Biographie courte de Jeanne de Belleville

Née vers 1300, Jeanne de Belleville grandit au sein d'une famille noble et fortunée. Mariée une première fois vers l'âge de 12 ans, son mari décède quelques années plus tard. Elle épouse l'élu de son cœur, Olivier IV de Clisson, noble breton et grand commerçant, avec qui elle a cinq enfants. Sa vie est bouleversée en 1643 lorsque son mari est exécuté sur ordre du roi de France, dans un contexte de conflit de succession en Bretagne et de tensions avec le roi d'Angleterre. Jeanne prend les armes et attaque les partisans bretons du roi avant d'embarquer en mer et d'harceler les navires marchands de Philippe VI de Valois. Sur le point d'être capturée, Jeanne la pirate trouve une chaloupe qui dérive pendant des jours. Son fils le plus jeune décède, mais le canot parvient à rejoindre la côte. Elle trouve refuge en Angleterre avec sa famille et participe activement aux réunions décisionnelles concernant la Bretagne. Elle épouse Sire Walter de Bentley, lieutenant du roi, ce qui lui permet de récupérer ses terres en France et d'en acquérir de nouvelles. Jeanne de Belleville meurt en 1359, probablement en Angleterre, en dame respectée, admirée et puissante. 

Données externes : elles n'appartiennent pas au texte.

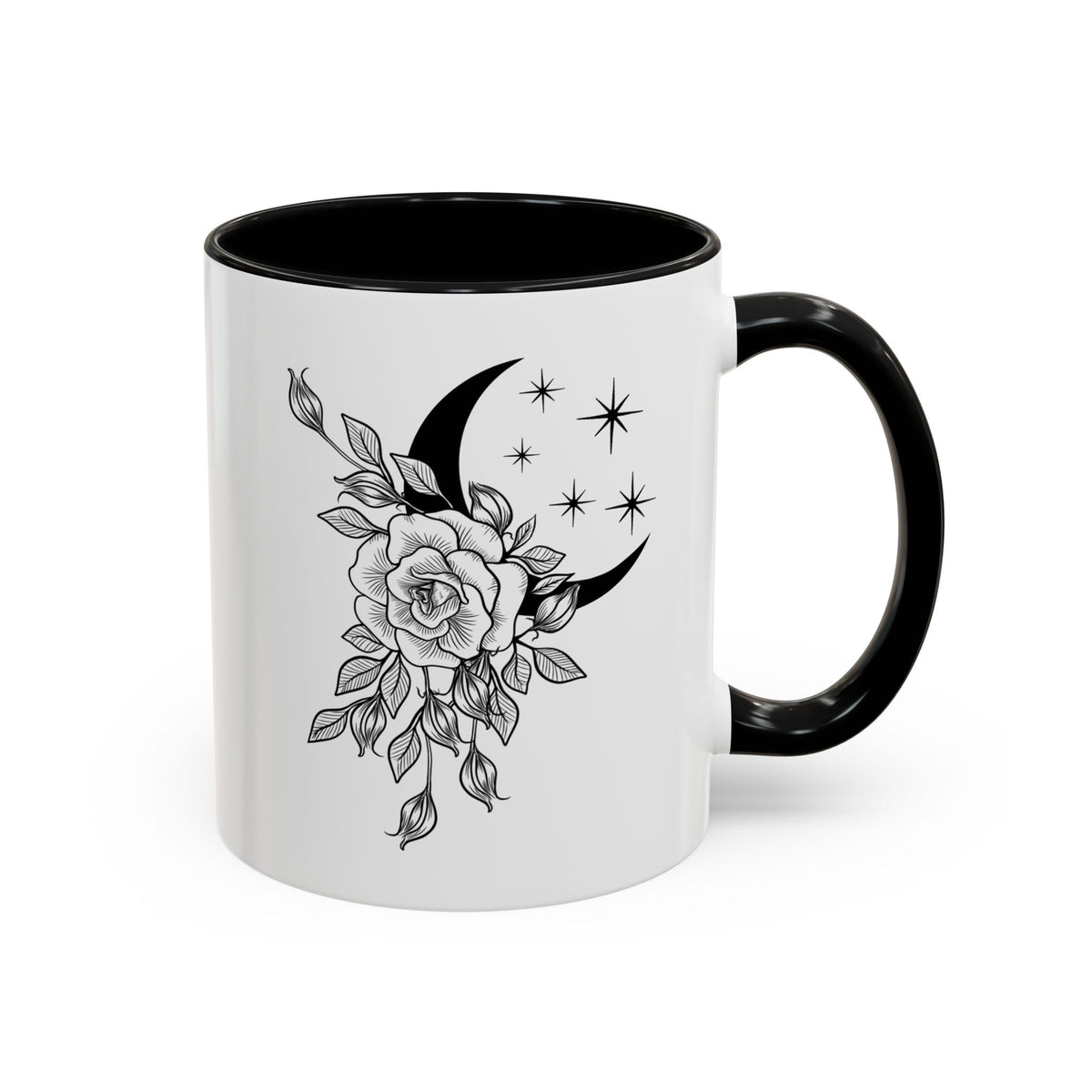 A white ceramic mug with a black interior, black handle, and a black and gray line art design of a crescent moon, flowers, and stars on the side, shown on a plain white background.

La jeunesse de Jeanne de Belleville et son mariage heureux

Jeanne de Belleville naît aux alentours de l'an 1300 à Belleville-sur-Vie, dans le Poitou (actuelle Vendée), et grandit au sein d'une famille noble. Ses parents sont Létice de Parthenay et Maurice IV de Montaigu, seigneur de Belleville et de Palluau. Fille unique, elle est l'héritière d'une grande fortune tirée du commerce du sel. Elle est mariée très jeune à un noble breton fortuné, Geoffroy, seigneur de Châteaubriant qui meurt en 1326. Mais Jeanne de Belleville entretient une liaison avec Olivier IV de Clisson, noble breton et grand commerçant, avec qui elle a une première fille illégitime, Ysabeau, morte en bas âge. Olivier de Clisson devient à son tour veuf et le couple se marie en 1330. Devenue Jeanne de Clisson, elle intègre ainsi l'une des familles les plus importantes de la Bretagne médiévale. Ce mariage d'amour donne naissance à quatre autres enfants : Maurice, Guillaume, Olivier (futur connétable de France) et Jeanne. Son époux lui laisse une grande autonomie, elle administre elle-même ses différents domaines comme Noirmoutier ou l'Île d'Yeu. Elle cherche à limiter la violence sexuelle sur ses terres en encourageant la création de bordels à Nantes. Elle est décrite comme très belle, mince et sportive. Le couple administre un vaste territoire, représentant plus ou moins la Loire-Atlantique actuelle.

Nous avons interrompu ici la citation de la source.